The brush head has both bristles to get dirt from carpets, and carbon fibre filaments to catch dust on floorboards. This thing means business – it even removes dust mites, which are these little shits that cause hayfever and also look disgusting. Do not google them, you will be scarred for life.

In practice, I was honestly skeptical the v11 Outsize would make any difference compared to the OG v11, which I’ve also trialled in the past. I quite enjoy vacuuming the house, and I found the v11 did a great job.

But that big head means all that Dyson v11 power is working across a 25% bigger space, which meant – you guessed it – I powered through the living room and bedrooms. POWERED through, my friends. I actually think it took me 50% less time to vacuum because I wasn’t whizzing the thing all over the shop, I could move in clean lines because of that gigantic bonce on the machine.

Again for lazy folks like me, that 150% bigger bin is a real vibe. Less cleaning it out! I hate cleaning the vac out! There’s also a little bit of new tech in the bin, because while I said the tech in the Dyson v11 Outsize is the same as the v11, I forgot to mention that those competitive nerds couldn’t go one second without coming up with some new fancy shit. Where the v11 you have to pull bits of your hair off the cylinder in the middle, the v11 Outsize pushes it off for you as you empty. Love this for me and my shedding problem.

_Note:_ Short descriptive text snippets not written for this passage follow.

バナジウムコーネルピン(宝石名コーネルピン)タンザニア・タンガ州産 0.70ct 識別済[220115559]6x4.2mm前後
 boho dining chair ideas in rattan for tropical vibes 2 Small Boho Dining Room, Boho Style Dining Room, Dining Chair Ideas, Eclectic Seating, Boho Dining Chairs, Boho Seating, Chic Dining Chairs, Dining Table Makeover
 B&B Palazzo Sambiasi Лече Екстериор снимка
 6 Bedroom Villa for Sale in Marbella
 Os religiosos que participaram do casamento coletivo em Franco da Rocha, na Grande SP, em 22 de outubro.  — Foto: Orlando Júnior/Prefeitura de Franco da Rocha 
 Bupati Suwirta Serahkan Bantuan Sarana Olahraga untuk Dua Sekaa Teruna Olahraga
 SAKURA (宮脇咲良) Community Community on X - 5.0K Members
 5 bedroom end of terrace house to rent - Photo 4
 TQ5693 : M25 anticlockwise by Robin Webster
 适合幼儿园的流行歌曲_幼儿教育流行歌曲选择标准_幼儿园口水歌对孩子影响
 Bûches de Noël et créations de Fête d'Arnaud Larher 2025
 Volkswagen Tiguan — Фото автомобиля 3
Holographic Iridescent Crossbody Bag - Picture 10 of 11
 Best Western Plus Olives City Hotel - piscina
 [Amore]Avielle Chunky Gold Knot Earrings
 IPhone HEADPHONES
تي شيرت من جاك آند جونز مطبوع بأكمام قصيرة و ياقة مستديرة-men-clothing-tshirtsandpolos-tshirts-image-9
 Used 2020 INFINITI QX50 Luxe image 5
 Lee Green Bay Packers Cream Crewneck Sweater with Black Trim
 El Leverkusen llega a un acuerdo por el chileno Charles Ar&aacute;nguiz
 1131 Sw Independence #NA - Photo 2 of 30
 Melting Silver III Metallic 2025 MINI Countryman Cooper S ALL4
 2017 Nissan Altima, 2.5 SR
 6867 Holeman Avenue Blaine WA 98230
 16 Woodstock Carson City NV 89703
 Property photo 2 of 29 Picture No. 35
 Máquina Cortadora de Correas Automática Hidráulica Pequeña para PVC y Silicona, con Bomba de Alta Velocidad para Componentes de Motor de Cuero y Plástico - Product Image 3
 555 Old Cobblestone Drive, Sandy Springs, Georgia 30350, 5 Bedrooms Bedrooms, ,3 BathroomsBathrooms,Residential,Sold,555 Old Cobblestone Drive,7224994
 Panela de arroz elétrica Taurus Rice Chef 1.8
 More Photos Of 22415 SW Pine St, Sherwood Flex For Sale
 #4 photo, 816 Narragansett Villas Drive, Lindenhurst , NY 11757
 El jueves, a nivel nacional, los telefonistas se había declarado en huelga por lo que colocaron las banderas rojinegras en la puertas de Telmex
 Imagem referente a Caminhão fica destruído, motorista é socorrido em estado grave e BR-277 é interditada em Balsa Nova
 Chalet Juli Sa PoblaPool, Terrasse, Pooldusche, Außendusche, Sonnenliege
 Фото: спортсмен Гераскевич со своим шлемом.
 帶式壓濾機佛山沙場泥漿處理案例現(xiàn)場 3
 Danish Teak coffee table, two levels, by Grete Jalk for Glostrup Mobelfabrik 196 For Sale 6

Another new benefit – you can easily remove the spinny bit on the head and clean it off. Again, I think Dyson just designed this vacuum for me and my hair shedding?? Maybe?

But by far the best thing about Dyson vacuums, besides their power and ease of use, is how they test them for clumsy fuckers like myself. Honest to god, I have sat through that many Dyson tech briefings across all their product types and there’s always a segment where they go “and then we threw it on the ground 400 times to check it could withstand being dropped! We whacked it against a wall 5,550 times! We hurled it out of a moving car!” and so on. They properly whip their products so when someone who has no care for anything they own (me) hurtles their vac into the wall repeatedly to try and get that one bit of toast crumb without having to go get the funnel head out of the cupboard, they won’t break their machine in the process.

Like obviously don’t hurl yours out of a moving car, but these things are made to last the distance and not disintegrate the moment you bash it into the edge of your bed.

Do you need to replace your totally working Dyson with the v11 Outsize? No, der. That would be wasteful. But if your existing vac is bung, or you’ve always wanted to invest in a Dyson and have found yourself flush with some cash – it’s a great investment, in my opinion. I say flush with cash because this baby isn’t cheap. The Dyson v11 Outsize will cost you $1,299, so yes it is an INVESTMENT. But it’s not a shit one, and come on as if you haven’t spent that much cash on video games during iso. Don’t lie.